Near Future Teaching: reviews of the key trends
As part of the Near Future Teaching project we have been working on two short reviews which attempt to summarise what we see as the key trends and influences likely to be shaping digital education in universities over the short to medium term.
We have created two of these and want to share them with others who might find them useful:
Future Teaching trends: education and society (4 pages plus references)
Future Teaching trends: science and technology (6 pages plus references)
In writing them, we have focused on aligning the analysis of key trends with the insights coming out of our work with the students and staff who constitute the university (you can see thematic summaries of the things people are discussing here on our video page).

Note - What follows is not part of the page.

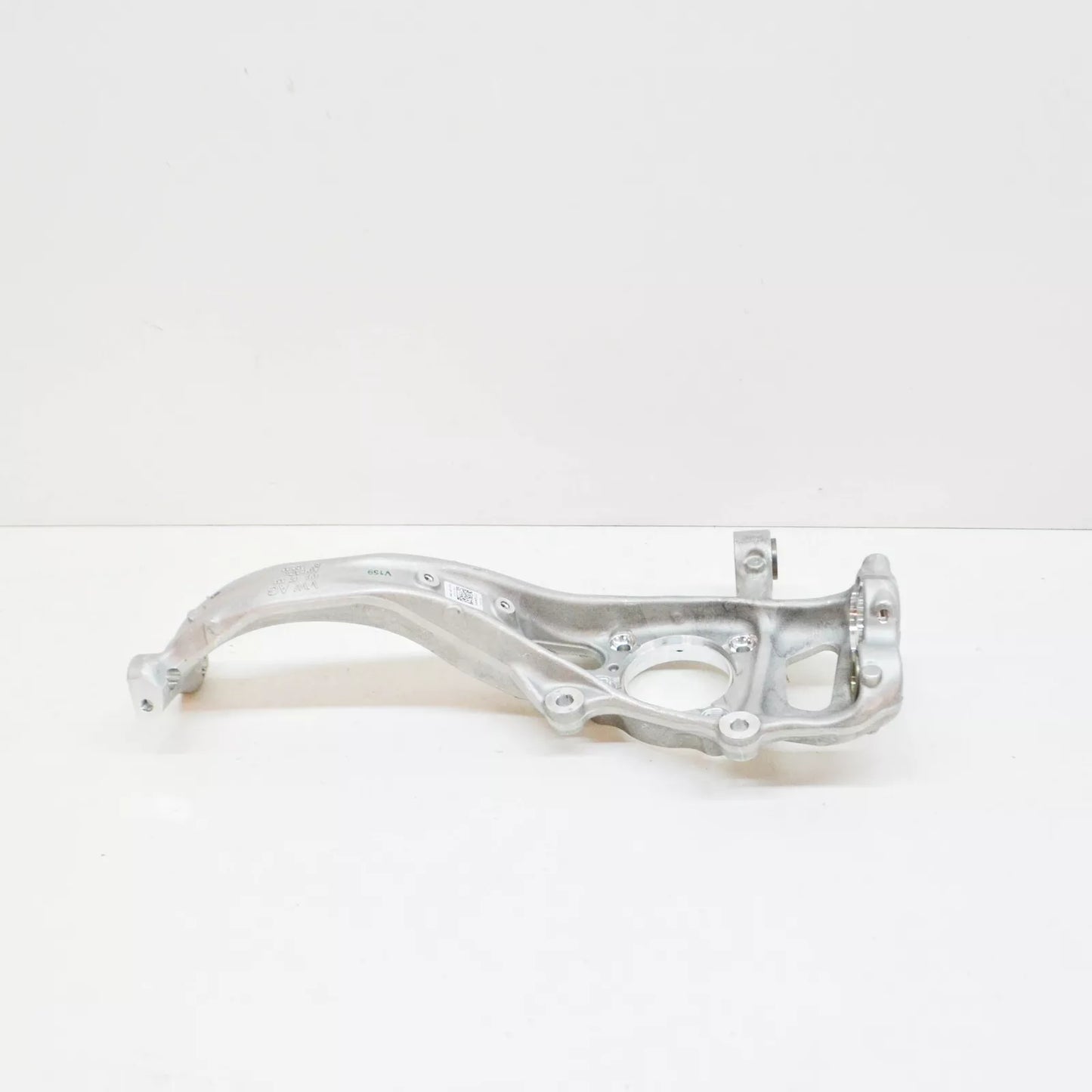 NEW AUDI Q7 4M FRONT LEFT STEERING KNUCKLE 4M0407253K ORIGINAL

So while there are plenty of megatrend reports, horizon scanning documents, key trends barometers, policy documents and foresight analyses out there which have helped us, we have focused on maintaining a critical edge which looks at what the impact of current technological and educational trends might be on students, staff, communities and the universities in which we work.
If you have any feedback on the reviews, please get in touch.
Near Future Teaching- methods and a progress report
Now that Near Future Teaching is well underway, it seems like a good time to write a short blog post on our project methodology, how it’s going, and what we hope we will achieve by the time the project finishes toward the end of the year.
The project has the over-arching aim to design the future of digital education at Edinburgh. Our objectives:
- To conduct a participative, institution-wide conversation about digital education and its trajectory at Edinburgh
- To focus on values, curriculum and pedagogy, not only on technological change
- To surface conversations on the open web, foregrounding student voices through high quality media and building awareness of the project across the sector
- To synthesise project findings into an actionable design for the future of digital education, usable by Schools and Colleges
It took us a while to work out how best to build a participative vision in such a large, complex university. At the moment Edinburgh has almost 40,000 thousand students, a staff count of just under 10,000, three Colleges, 20 Schools with many, many sub-units, plus of course our support services. It’s probably fair to say that nothing quite like this project has been attempted before here.

In the end, the process we devised was adapted from the work Keri Facer and colleagues conducted a few years ago as part of a large project looking at long-term sociotechnical futures for education (and published most accessibly in the Journal of Computer Assisted Learning. Our version has five stages:
- Foresight:
- Taking the community pulse
- Mapping in the form of two foresight reviews focusing on factors likely to influence change in education over the coming years:
- scientific and technical trends
- social and educational factors
- Scenario development:
- Scoping plausible future worlds
- Designing educational futures for each
- Testing ideas and designs
- Student panel
- Academic expert panel
- Children’s panel
- Surfacing insights and recommendations
- Translation into policy and action
At this point we have just about reached the end of stage 1., having run and written up a series of events and done short interviews with input from around 300 students and staff. These latter we’ve edited thematically and made available here on the website, with write-ups from each of the events also surfaced here in our blog. We’ll be publishing the reviews here shortly too.
It’s important to the project that we surface as much of our process as possible, trying to show our workings rather than just producing a final report which obscures how it was produced.